The answer to that question is what this guide is about. The tools are there. The free call, the tablet, the JPay message, the in-person visit. This guide covers how each one works and what a parent does with each one to remain real to their children across whatever distance New York's geography puts between them.

Free Calls Since August 2025: How the System Works

The free call goes through Securus Technologies, the DOCCS phone contractor. Families who previously had Securus accounts set up to receive calls should have those accounts still active. The process for receiving calls is the same as before, except the charge per minute is now paid by the state rather than the family or the incarcerated individual.

Calls are available via two channels: the traditional phones on the housing unit floor, and the phone application now installed on general population tablets after DOCCS completed Wi-Fi deployment across all facilities. If you are in a general population housing unit and have a tablet with Wi-Fi access, you can place calls through the tablet app. If you are near a floor phone, you can call from there. Either way, the call is free.

For families: no funding is needed for the call itself. The Securus account may still be useful for other services, but the phone call arrives at no charge. If you have trouble receiving calls, contact Securus at **securustech.net** or **1-800-844-6591**.

No incoming calls. All calls are outgoing, monitored, and recorded except attorney calls. The free call is only as good as how you use it. Know which child this call is for before you dial. Have the one specific question ready. Give the child their full 15 minutes. End with I love you.

Tablets, Wi-Fi, and What 29,000 Devices Look Like in Practice

As of June 2025, DOCCS had deployed more than 29,000 tablets and over 1,000 kiosks across 42 state correctional facilities. The contract runs through Securus and JPay, which is Securus's subsidiary. Wi-Fi is now active across all facilities, enabling the tablet to function as a calling device and a messaging device without requiring connection to a kiosk.

What this means for a parent: the tablet is now a comprehensive communication platform. Phone calls through the app. Secure messages through JPay. Educational content. Media. All in one device that lives in the housing unit rather than requiring a trip to a kiosk during limited hours.

The tablet audit completed by the New York State Comptroller's Office in August 2025 noted that DOCCS had not fully implemented all oversight recommendations for the tablet program, but also confirmed that the core communication functions are operational. For a parent, the relevant fact is practical: the tablet works for calls and messages. Use it.

JPay Secure Messaging: The Daily Thread

The Secure Messaging Program at DOCCS runs through JPay. Every incarcerated individual receives **four free stamps per month**, replenished on the first of each month. Free stamps do not accumulate past the monthly reset.

Families purchase additional stamps through JPay at **jpay.com** or by calling JPay Customer Support at **1-800-574-5729**. Stamps cost between 9 and 12 cents each depending on the bundle. DOCCS receives no commission on JPay stamp purchases.

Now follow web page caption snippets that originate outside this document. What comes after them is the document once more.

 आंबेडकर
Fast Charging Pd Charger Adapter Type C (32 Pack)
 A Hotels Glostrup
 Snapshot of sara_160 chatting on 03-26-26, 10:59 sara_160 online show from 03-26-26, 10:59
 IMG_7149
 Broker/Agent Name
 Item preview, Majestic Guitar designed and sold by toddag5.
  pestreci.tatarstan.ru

All secure messages go through content screening. The incarcerated individual's email address for JPay must be obtained from them directly. A JPay account is required before any messaging can begin.

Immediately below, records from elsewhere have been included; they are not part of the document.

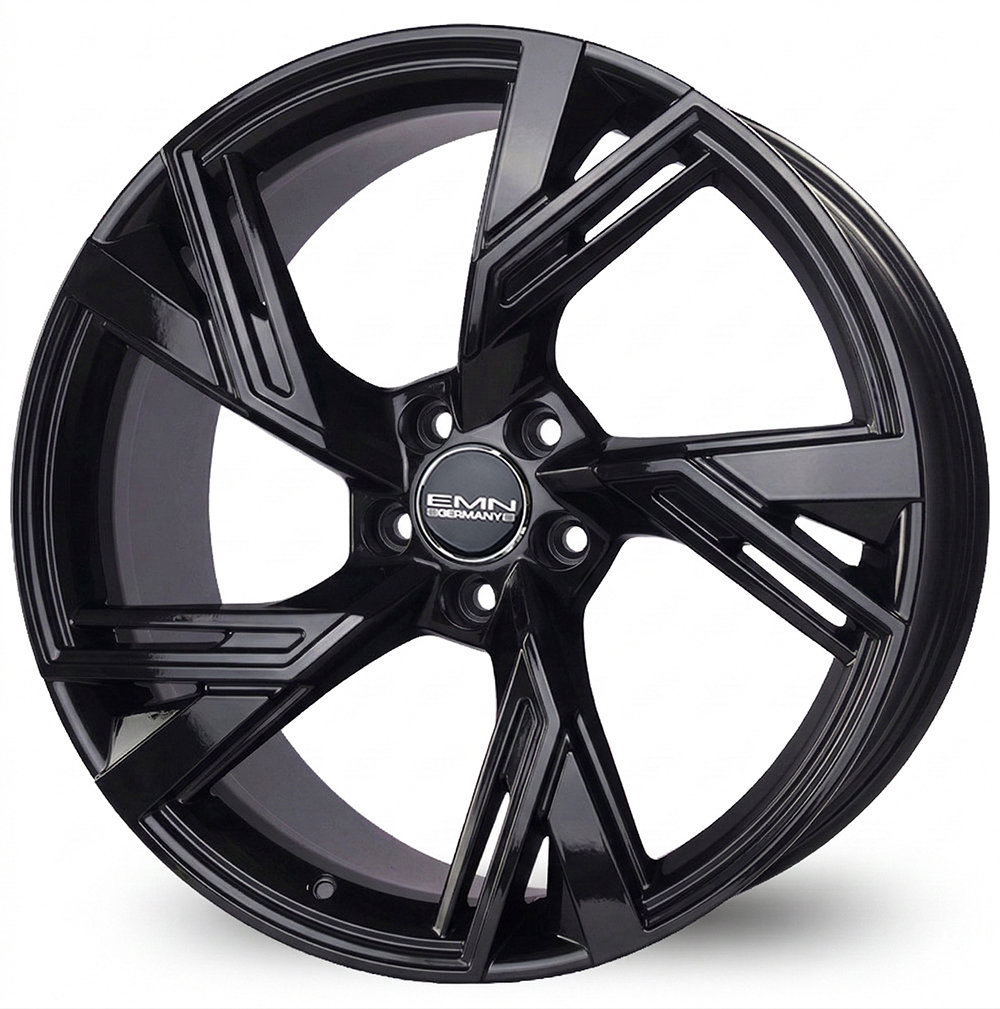 20인치│슈거레이 SSA (뉴RS6)│5452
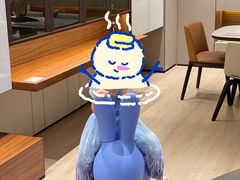 -剪刀石头布家居广场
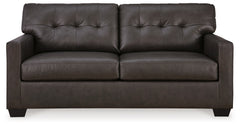 Belziani Full Sofa Sleeper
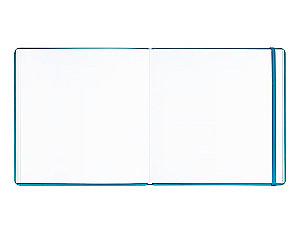Skeču grāmatiņa marķieriem un grafikai - Fine Line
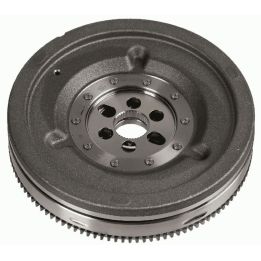 Volan DMF (Çift Kütle) Ford Focus III - SACHS 6366000021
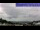 Webcam in Stuarts Draft, Virginia, 92.8 km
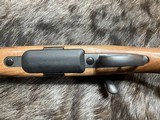 FREE SAFARI, NEW STEYR ARMS SM12 HALF STOCK 308 WINCHESTER SM 12 - LAYAWAY AVAILABLE - 16 of 19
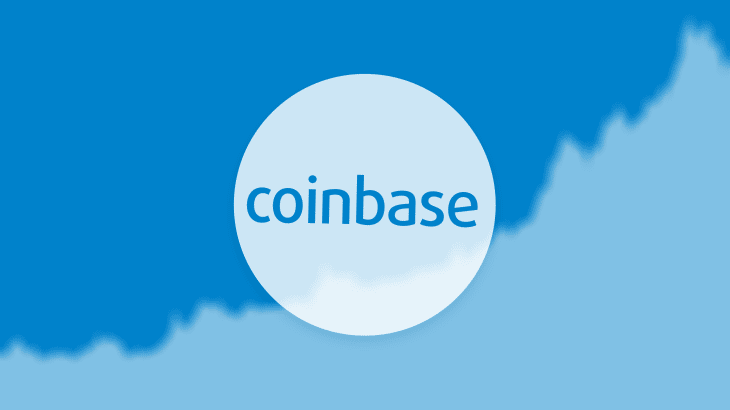 coinbase marketi altcoin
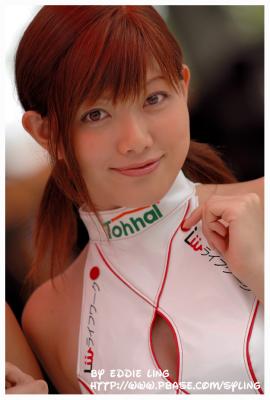 racequeen cutie cute race queen gallery japan race queen japan racequeen japan racequeen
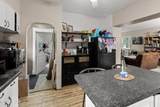 217 N Baldwin Street - Photo 14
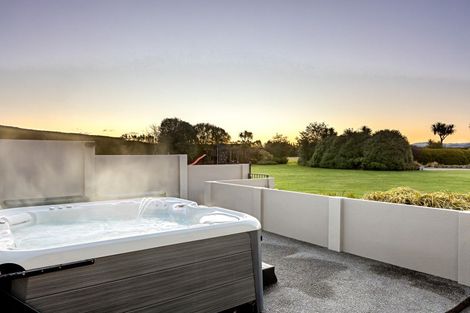 Photo of property in 1427 Tram Road, Swannanoa, Rangiora, 7475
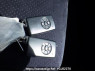 Used 2012 AT toyota vanguard ACA38W Image[24]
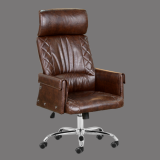 office chairs china made by YN Furniture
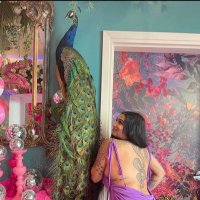 Manu (they/them) (@mxmanukaur) 's Twitter Profile Photo Manu (they/them) (@mxmanukaur) 's Twitter Profile Photo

For a parent, the JPay message is the daily thread between the free calls. A short message in the morning that says I was thinking about you before breakfast. What is happening this week that I should know about? is a piece of daily parenting delivered through a 9-cent stamp. With four free stamps per month and additional stamps affordable enough to sustain a daily habit, there is no practical financial barrier to messaging your children through JPay every day.

Write to each child individually. One message, their name in the opening, their world inside it. A child who receives a personal JPay message written specifically to them is in a relationship with their parent that the absence has not interrupted. That relationship carries.

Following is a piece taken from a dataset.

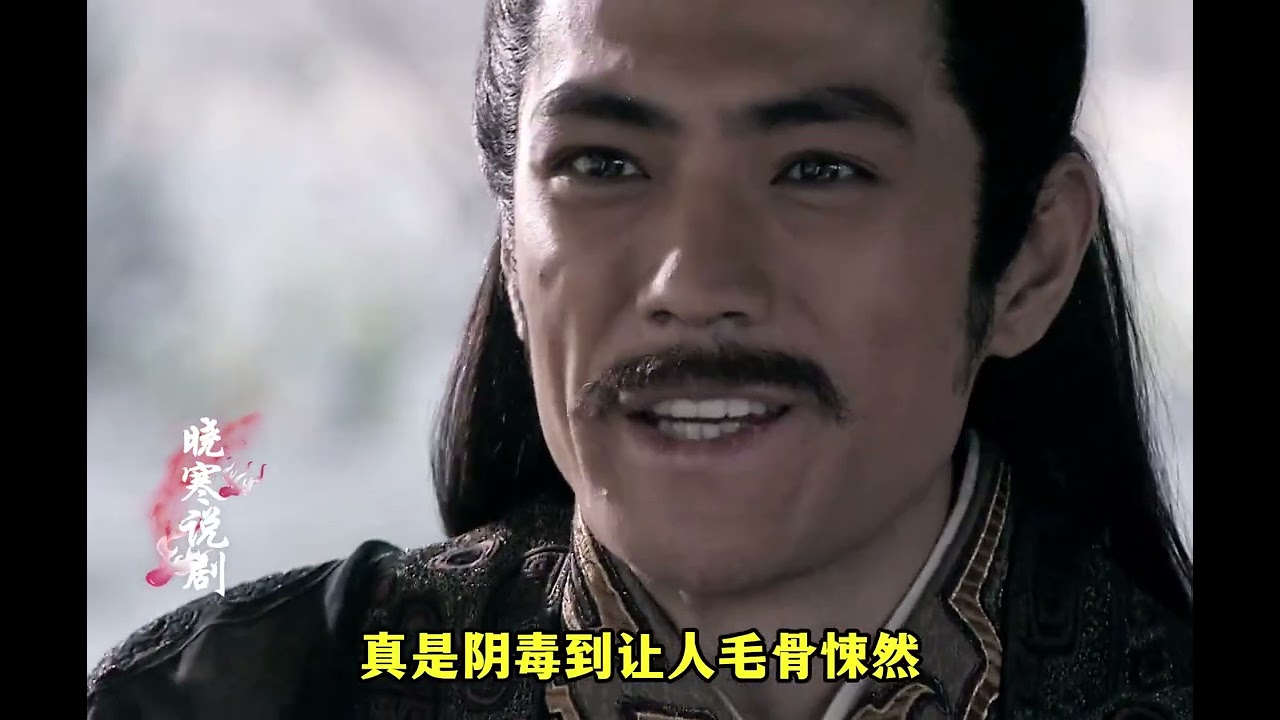 庞涓在灭韩赵大战中两次败给孙膑，从此魏国霸权衰落 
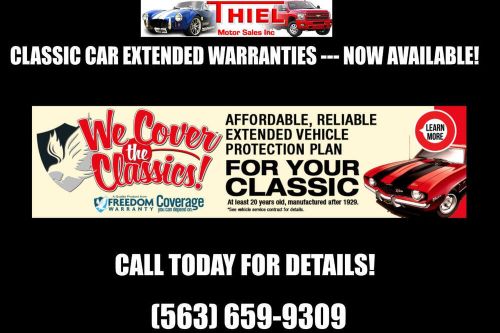 1972 Chevrolet K5 Blazer 4X4 Removable HardTop, US $860.00, image 6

Visiting in New York: Weekend-Only and the Wait

Visiting at most DOCCS facilities is currently limited to weekends due to staffing constraints that followed a period of correctional officer unrest. Wednesday visits have been suspended. For families with children in weekend activities, sport schedules, or any weekend obligation, this limitation is a real planning challenge.

The wait lines at weekend visits have also drawn attention. One family advocate who was quoted after the free call announcement said she would rather pay $120 a month and visit without waiting 3.5 hours in line. That is the honest trade-off as it exists in New York right now: free phone calls, and harder in-person visiting.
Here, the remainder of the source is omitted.